In the material below, find the line with "Mindy Kaling Quotes: We" and the line with "Arquitetura de Sistemas Críticos de TI". Output exactly those two lines and all lines between them, leaving out pictures.

___ DATA TO EXAMINE

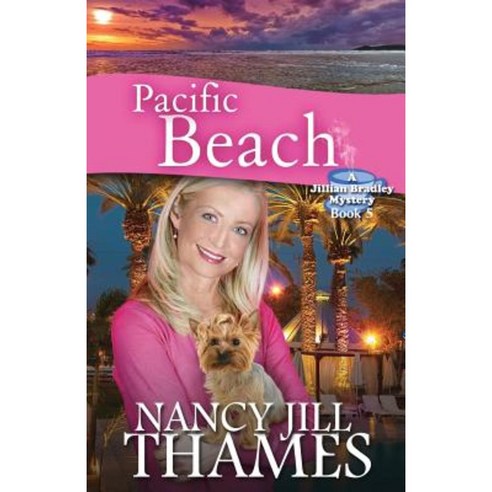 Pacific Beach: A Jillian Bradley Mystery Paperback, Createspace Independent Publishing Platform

______
___ DATA TO EXAMINE

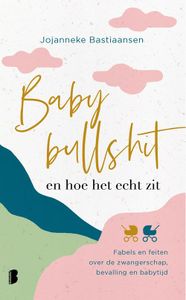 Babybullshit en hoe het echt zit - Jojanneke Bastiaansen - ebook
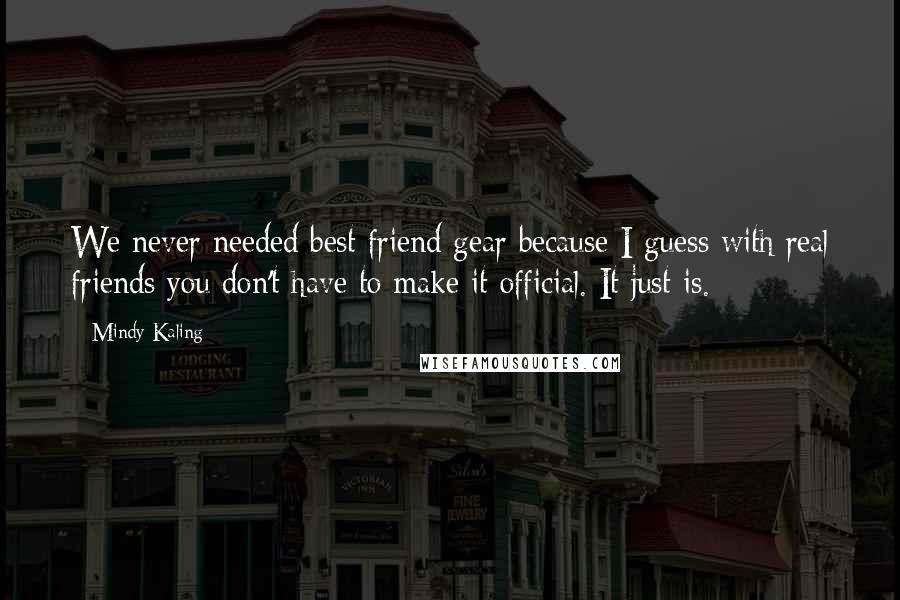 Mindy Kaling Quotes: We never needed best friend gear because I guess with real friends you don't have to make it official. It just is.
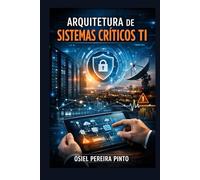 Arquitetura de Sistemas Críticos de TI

______
___ DATA TO EXAMINE

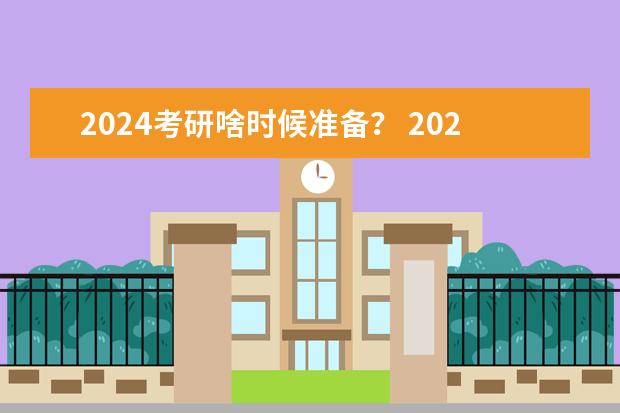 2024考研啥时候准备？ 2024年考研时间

______

[RESPONSE FOR THIS EXERCISE]
 Mindy Kaling Quotes: We never needed best friend gear because I guess with real friends you don't have to make it official. It just is.
 Arquitetura de Sistemas Críticos de TI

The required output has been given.